It appears we collision clods in hokey little Tucson are going to be the test cases for a certain insurance company’s suppression tactics.
Two years ago, Tucson had its first rate increase in four years (you do the math on shrinking profits). As usual, there was resistance, but experience told me it would be short lived. How wrong I was! Farmers Insurance of Tucson apparently didn’t like the results of State Farm’s flawed – but industry-accepted – annual survey, so they decided to conduct their own survey, faxed to some shops five weeks after the rate change took place. Farmers finally changed their rates only after calls to a since-retired claims supervisor who said, “his hands were tied.” Strange that after I went two levels over his head they became untied. The non-payment of this prevailing labor rate saved Farmers Insurance of Tucson hundreds of thousands of dollars during their time of denial. But at whose expense?
At the first meeting of the ACCA of Tucson, after Farmers backed off, I warned everyone to be very alert to the possible consequences of the precedent that had been set: If we (the insurance company) don’t like what’s charged by shops, let’s set up smoke and mirrors and stall as long as possible.
History lesson over.
Now to the immediate and latest outrageous behavior by an insurance company. Once again, a rate change has occurred in Tucson (my employees can’t wait four years for a raise), and we were greeted with this response: denial, resistance and, finally, acceptance. I said to myself, “Progress has finally been made, and I’m proud to be part of the industry. The insurance companies believe/know we’re partners in this business – no repairers to fix cars means no policies to sell.”
But wait … how wrong I was … again.
Our friendly good hands people in Tucson have stalled the rate change for three weeks after all other insurance companies have moved forward. Not so bad, you say, it’s only three weeks. Think again. Precedent = Pattern.
Yesterday, after another request for the new rate was denied, I had the good fortune to receive an estimate written by one of their PRO shops. Can you imagine my surprise to see the rates charged were the new (prevailing) rates I was just denied? Talk about reverse osmosis – a DRP being paid more than the outsiders!
I’m no attorney, but if we arbitrarily decided to charge a higher rate to any one insurance company, can you imagine the litigation that could be involved? If I’m not mistaken, this looks like reverse anti-trust. Isn’t one segment trying to fix prices of goods and services sold and profits achieved?

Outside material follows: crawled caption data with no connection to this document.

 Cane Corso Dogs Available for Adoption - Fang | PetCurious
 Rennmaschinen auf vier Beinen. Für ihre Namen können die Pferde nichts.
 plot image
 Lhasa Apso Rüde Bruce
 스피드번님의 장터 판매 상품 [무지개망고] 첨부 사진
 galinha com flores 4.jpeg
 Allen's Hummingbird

After a call to the local claims supervisor, I was told in a very professional manner that I’d be paid the prevailing rate on that estimate only – and that he’d let me know when they’d pay the correct rates on other estimates.

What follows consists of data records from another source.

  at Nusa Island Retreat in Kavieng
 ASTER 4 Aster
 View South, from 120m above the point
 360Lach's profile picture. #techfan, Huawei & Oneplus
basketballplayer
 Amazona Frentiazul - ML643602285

What will happen now? The rates will change soon. Allstate Claims of Tucson will back out of the controversy, and all will be well. I could have kept my mouth shut and waited for the big boys to toss us a bone, but not this time. Enough is enough! This pattern can’t be allowed to continue.
They can punish me and my employees, but as you all know, they can’t punish us all. Their arrogance in these attempts to fragment our industry is unnerving. They don’t care about anything we’ve tried to accomplish with dialogue over the last 10 years. The pattern set by Farmers Claims of Tucson two years ago and now followed by Allstate Claims of Tucson isn’t frightening in the long term – it’s deadly in the long term if allowed to continue.
But it appears that our local claims supervisors think in the short term – only of profits and bonuses this quarter. There’s no consideration given to the long-term damage caused by making these shortsighted decisions. It’s hard to believe that legal counsel at the corporate level would allow such idiotic decisions at the local (regional?) level to be implemented for such short-term gain.
Make no mistake. I’m no militant and I have no ax to grind with DRPs or what a shop wants to charge. However, when a prevailing rate is established in an area, we can’t tolerate an insurance company dictating to us what they’ll pay. Both sides accepted how the rates were established 30 years ago. We must stand together on this issue and pay particular attention to how this is handled in the future.
This article isn’t about litigation – that’s not normally my style or intent. This article is written in the belief that we (repairers and insurance companies) can all make this a better industry to be a part of.